Mangbetu Trumpet, early 20th century
Democratic Republic of Congo (Uele region)
Ivory; L. 50 in. (127 cm)
Purchase, Bequest of Olive Huber, by exchange, and Brian and Anne Todes Gift, 1999 (1999.74)
Animal horn or tusk trumpets with mouthpieces drilled into the side are found throughout Africa. Ivory trumpets often symbolize kingly power, and those associated with royal ensembles are decorated with skins, wooden extensions, and beautiful carving. This is true among the Mangbetu of the Democratic Republic of Congo, who fashioned this instrument. Once acquired, the ivory is entrusted to carvers who may take over two months to re-form the tusk and make it playable. Royal instruments are carved in deep relief with ridges and a projecting mouthpiece, seen in this example at right of center. Another conspicuous royal motif, appearing at the left, is a canoe-shaped design.
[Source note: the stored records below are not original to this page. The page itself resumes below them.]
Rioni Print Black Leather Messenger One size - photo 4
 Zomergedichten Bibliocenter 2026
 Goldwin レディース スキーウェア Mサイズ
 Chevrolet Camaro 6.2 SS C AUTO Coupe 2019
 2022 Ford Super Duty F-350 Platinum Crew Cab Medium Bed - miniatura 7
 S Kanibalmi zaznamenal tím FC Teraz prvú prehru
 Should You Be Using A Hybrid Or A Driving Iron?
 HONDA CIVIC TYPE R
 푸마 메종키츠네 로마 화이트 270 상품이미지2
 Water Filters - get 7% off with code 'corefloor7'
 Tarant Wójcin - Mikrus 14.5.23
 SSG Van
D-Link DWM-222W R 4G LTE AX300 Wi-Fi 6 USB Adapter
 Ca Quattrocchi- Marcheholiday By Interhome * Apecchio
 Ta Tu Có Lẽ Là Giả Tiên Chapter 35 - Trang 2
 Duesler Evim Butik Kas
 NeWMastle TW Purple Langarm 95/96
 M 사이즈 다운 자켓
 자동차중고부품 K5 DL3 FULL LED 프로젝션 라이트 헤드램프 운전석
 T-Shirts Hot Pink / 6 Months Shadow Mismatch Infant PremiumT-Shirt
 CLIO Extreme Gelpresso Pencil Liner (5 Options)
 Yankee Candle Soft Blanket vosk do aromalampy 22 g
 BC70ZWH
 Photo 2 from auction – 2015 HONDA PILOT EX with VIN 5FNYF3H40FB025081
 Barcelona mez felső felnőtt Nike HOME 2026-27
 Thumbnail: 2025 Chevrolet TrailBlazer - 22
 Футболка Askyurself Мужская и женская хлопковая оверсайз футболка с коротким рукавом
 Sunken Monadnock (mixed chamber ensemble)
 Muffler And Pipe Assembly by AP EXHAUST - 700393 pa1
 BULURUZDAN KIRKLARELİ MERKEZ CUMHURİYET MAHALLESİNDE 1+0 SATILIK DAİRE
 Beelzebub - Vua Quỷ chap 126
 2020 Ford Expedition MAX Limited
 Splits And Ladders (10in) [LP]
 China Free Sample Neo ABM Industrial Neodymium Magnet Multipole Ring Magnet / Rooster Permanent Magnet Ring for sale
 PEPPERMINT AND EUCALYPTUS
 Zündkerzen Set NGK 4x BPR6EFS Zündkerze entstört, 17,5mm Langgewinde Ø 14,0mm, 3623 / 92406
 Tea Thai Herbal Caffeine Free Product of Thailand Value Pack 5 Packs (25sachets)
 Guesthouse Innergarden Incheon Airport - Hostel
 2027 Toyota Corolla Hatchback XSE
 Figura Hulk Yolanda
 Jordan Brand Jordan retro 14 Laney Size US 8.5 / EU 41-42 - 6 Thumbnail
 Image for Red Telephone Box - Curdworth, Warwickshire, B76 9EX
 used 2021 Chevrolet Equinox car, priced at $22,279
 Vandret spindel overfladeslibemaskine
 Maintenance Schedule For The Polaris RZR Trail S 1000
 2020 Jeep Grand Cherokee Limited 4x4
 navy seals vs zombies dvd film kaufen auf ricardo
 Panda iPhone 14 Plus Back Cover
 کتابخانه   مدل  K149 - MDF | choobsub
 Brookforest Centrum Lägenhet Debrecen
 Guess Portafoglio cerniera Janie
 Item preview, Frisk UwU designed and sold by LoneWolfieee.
Elegant trumpets like this one are used in pairs to accompany dances or signal the entrance and departure of the king. Europeans prized instruments such as this because of their elegant design, and the Mangbetu responded by producing trade instruments that were unfinished and unplayable. The Museum's trumpet, however, is masterfully finished and possesses a booming voice.